Por eso, no tengo dudas de que Harvey Weinstein, a quien deben sus carreras y sus Oscar no pocas actrices del star system, es un depredador sexual que hizo de su profesión una forma de acosar a las mujeres abusando del inmenso poder que tenía para lanzarlas al estrellato o estrellarlas. Lo mismo cabe decir de Kevin Spacey, tan gran actor como al parecer miserable ser humano, que durante años ha vivido convencido de tener derecho a abusar sexualmente de cualquier varón que se le pusiera por delante y fuera de su gusto.

Lo que está ocurriendo en Hollywood demuestra que los abusos sexuales son un ataque a la libertad de las personas (de las mujeres sobre todo) que no conoce límites de clase, país o profesión.

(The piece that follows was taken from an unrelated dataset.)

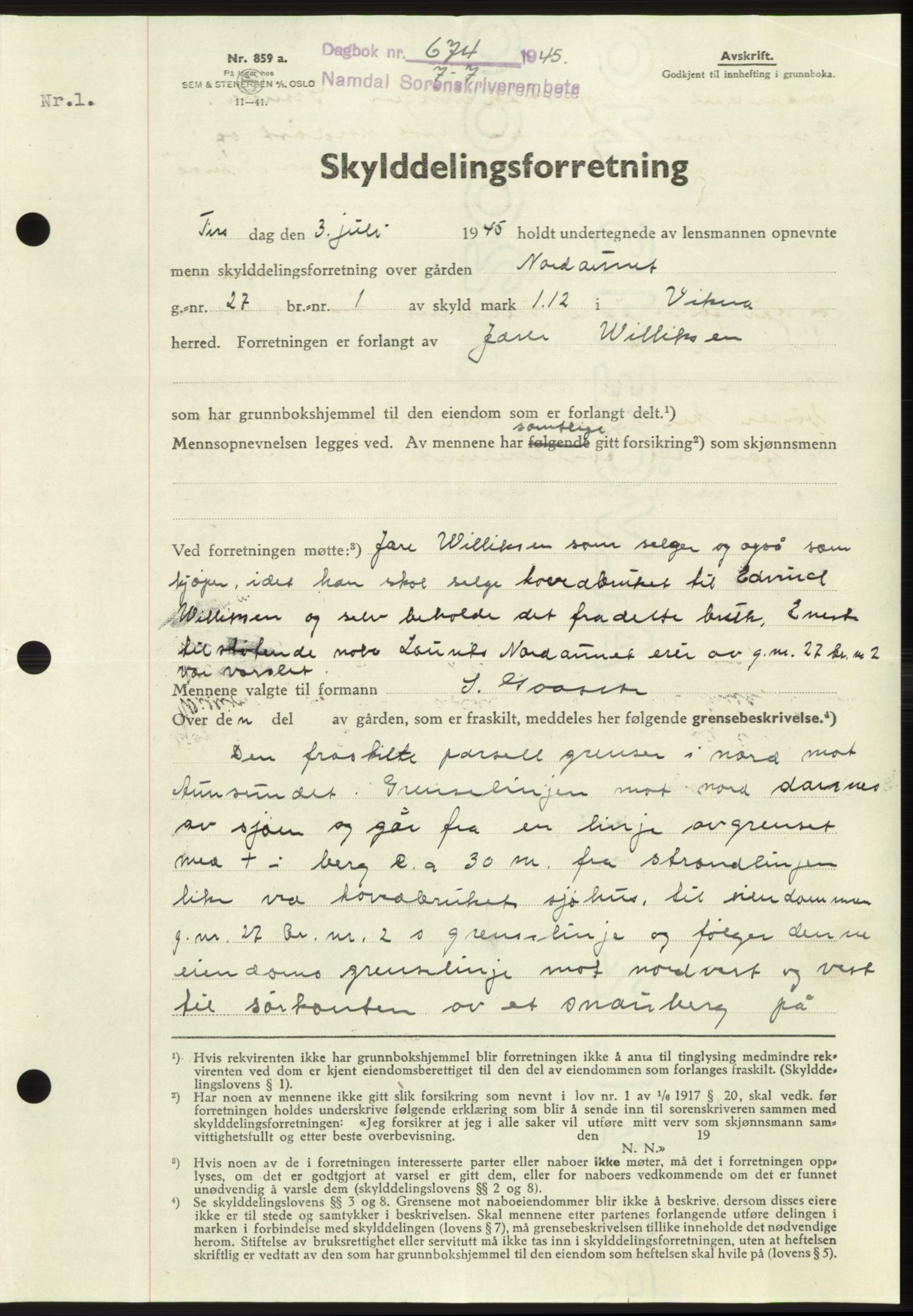 Namdal sorenskriveri, SAT/A-4133/1/2/2C: Pantebok nr. -, 1944-1945, Dagboknr: 674/1945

Y demuestra que perseguirlos es una tarea indispensable en la lucha por los derechos civiles, entre los cuales está sin duda el de no tener relaciones sexuales con quien uno no lo desea libremente.

Pero lo que está ocurriendo en Hollywood pone también de relieve que la lucha indispensable contra una lacra social intolerable puede derivar en una caza de brujas en la que cualquier acusación equivalga automáticamente a una condena y en la que la presunción de inocencia a la que todo acusado tiene derecho se deslice, de forma general, hacia una probatio diabólica: aquella por virtud de la cual es el acusado quien ha de demostrar su inocencia y no el acusador quien debe probar la culpabilidad.

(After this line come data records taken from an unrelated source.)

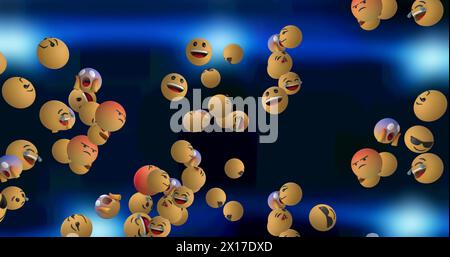 Image of emoji icons floating on blue background Stock Photo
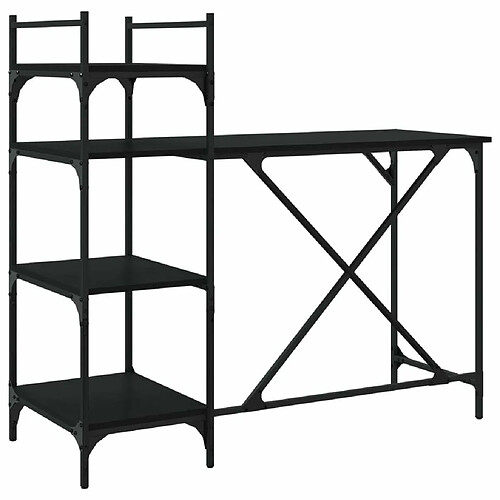 Maison Chic Bureau d'ordinateur solide,Table de travail avec étagères noir 120x47x109 cm -GKD41812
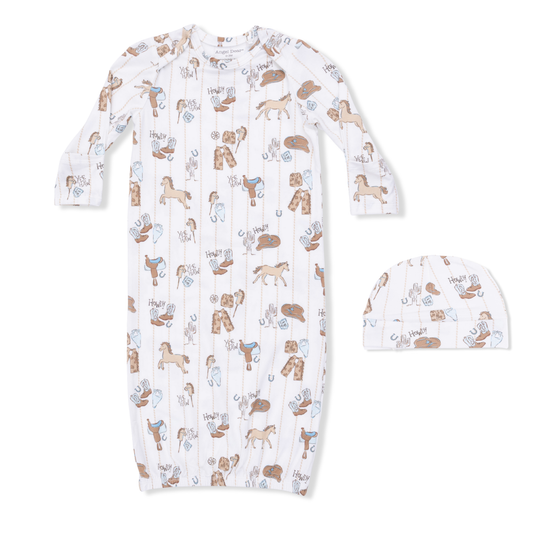 Angel Dear Cowboy Nursery Lap Shoulder Gown & Hat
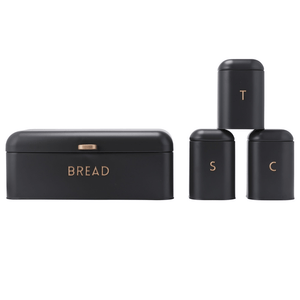 Salter Pebble 4 - Piece Bread Bin & Canister Set - Charcoal - ENAMELWARE/JARS/TRAYS - Beattys of Loughrea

Tal situación se presta, claro está, entre otras muchas cosas, a todos los ajustes de cuentas que es posible imaginar cuando basta acusar a alguien de acoso sexual para acabar con su vida y su carrera, pues la presunción social de que el acusado es culpable no puede combatirse ya por nadie so pena de ser socialmente vilipendiado sin piedad.

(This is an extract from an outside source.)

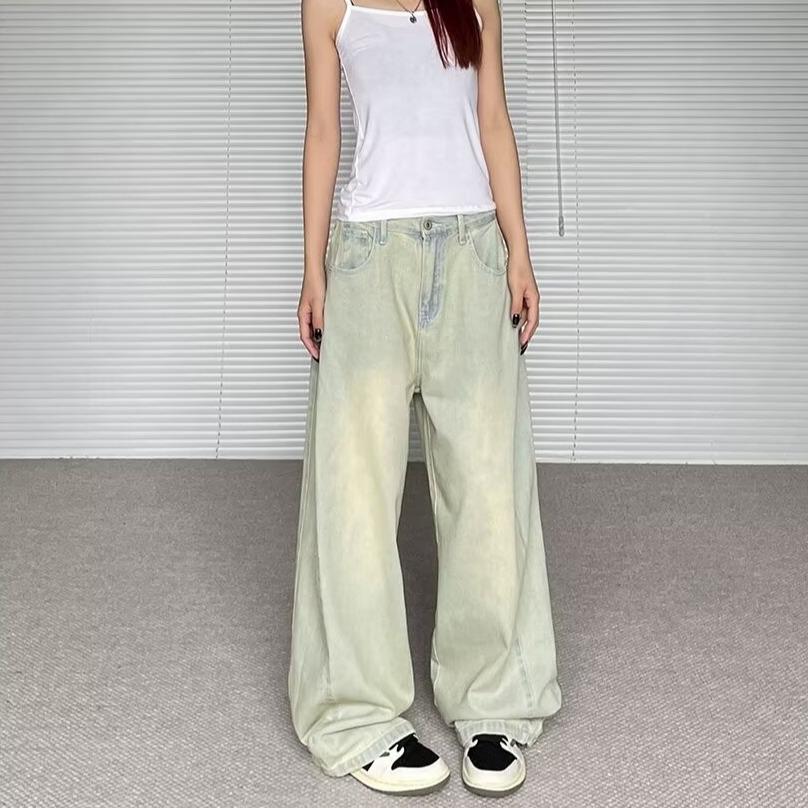 Women's Summer Retro Hong Kong Style Light Wash Wide Leg High Waist Denim Trousers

No me cuesta imaginar lo que ello podría suponer en el mundo de la empresa, la administración o la Universidad, por poner solo tres ejemplos. Por eso, aunque sé bien que este artículo es impopular, creo que mi obligación moral como jurista y defensor de la libertad es escribirlo: porque la causa de la liberación de las mujeres es demasiado importante como para defenderla sin denunciar el peligro de que pueda aprovecharse espuriamente por algunos para acabar con los principios en los que se basa la libertad y la seguridad jurídica de todos.